Like many tech companies, Akamai struggled with stressed-out employees and a gender-diversity problem. EBN’s Benefits Professional of the Year
Sarah Sardella stepped up to the challenge with a slate of new benefits that emphasize the company’s commitment to work-life balance. Plus, read about what the three other Benny Award winners are doing differently.
In the highly competitive, highly demanding tech industry — notorious for fast-paced projects and harried employees — work-life balance often seems like a myth. Not only do those environments leave many employees feeling overworked and burned out — PayScale research finds that employees who work at tech companies are among the most stressed — but they often make it difficult for workers, particularly women, to easily juggle work and home life responsibilities, like caring for a family.

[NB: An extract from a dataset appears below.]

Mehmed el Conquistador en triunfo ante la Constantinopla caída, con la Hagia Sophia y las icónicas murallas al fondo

It was a workplace challenge shared by Akamai Technologies, the global content delivery network service provider. And it was a challenge Sarah Sardella set out to address.
“We operate in a fast-moving industry, and for Akamai in particular, our network needs to deliver for our customers 24 hours a day, seven days a week, all over the globe,” explains Sardella, the company’s senior director of global benefits.

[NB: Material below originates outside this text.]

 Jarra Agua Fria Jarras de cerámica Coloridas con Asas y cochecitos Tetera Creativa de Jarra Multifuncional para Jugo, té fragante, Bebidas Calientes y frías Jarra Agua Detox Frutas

Akamai employees are scattered all over the world: The company employs more than 7,000 people across 29 countries; 3,500 of those workers are in the United States. Half of Akamai’s U.S. employees are located in the firm’s headquarters in Cambridge, Mass.; the other half are spread out across 16 locations. That means that jobs aren’t 9-5; meetings often span multiple time zones and continents; and nontraditional schedules and bringing work home is commonplace.
“It’s no surprise that our employees can feel like they need to be ‘on’ all the time,” Sardella says, “and that means work and life frequently blur together.”

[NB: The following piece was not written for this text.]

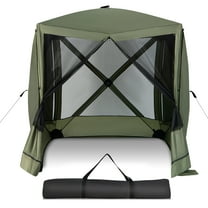 Costway 6.7 FT x 6.7 FT 4-Panel Pop up Camping Gazebo Quick-Set with 2 Sunshade Cloths Green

That’s why, over the last few years, Sardella and her team set their sights on adding a number of work-life and family-friendly benefits that support flexibility — from caregiving benefits and backup day care to a telework program, unlimited PTO and a paid family leave policy. Those were in addition to Akamai’s already-enviable suite of benefits, which includes a robust health and well-
ness program, tuition benefits and employee stock options.
Those efforts helped increase employee satisfaction by 6%, created a better workplace environment and landed Akamai on a number of “Best Places to Work” lists — as well as helping the company address its gender-diversity problem. They also helped earn Sardella — who in her nine-year stint at Akamai has overseen the evolution of benefits from 1,500 employees in 13 countries to its current size of 7,250 employees in 29 countries — this year’s 2017 Benefits Professional of the Year title.
Attracting women in the industry
Historically, the tech industry hasn’t been synonymous with female employees. Akamai shares the same situation: Men make up 78% of the company’s workforce, Sardella says, and diversity and inclusion has been a struggle. Balancing childcare responsibilities with work priorities has often been identified as a major cause of the gender imbalance in tech.
According to the U.S. Bureau of Labor Statistics, 90% of people have missed work due to family responsibilities, for what the Northeast Business Group on Health estimates to be an average of six missed days a year.
“There has been this glaring challenge in front of us in terms of diversity, and we wanted to address this a little more intentionally,” Sardella says. “Gender was a natural place to start looking at. From a benefits standpoint, you don’t want to say caregiving is a women’s thing, but in practicality, childcare benefits, flexibility, paid family leave … some of that can be attractive to caregivers, who are more traditionally women.”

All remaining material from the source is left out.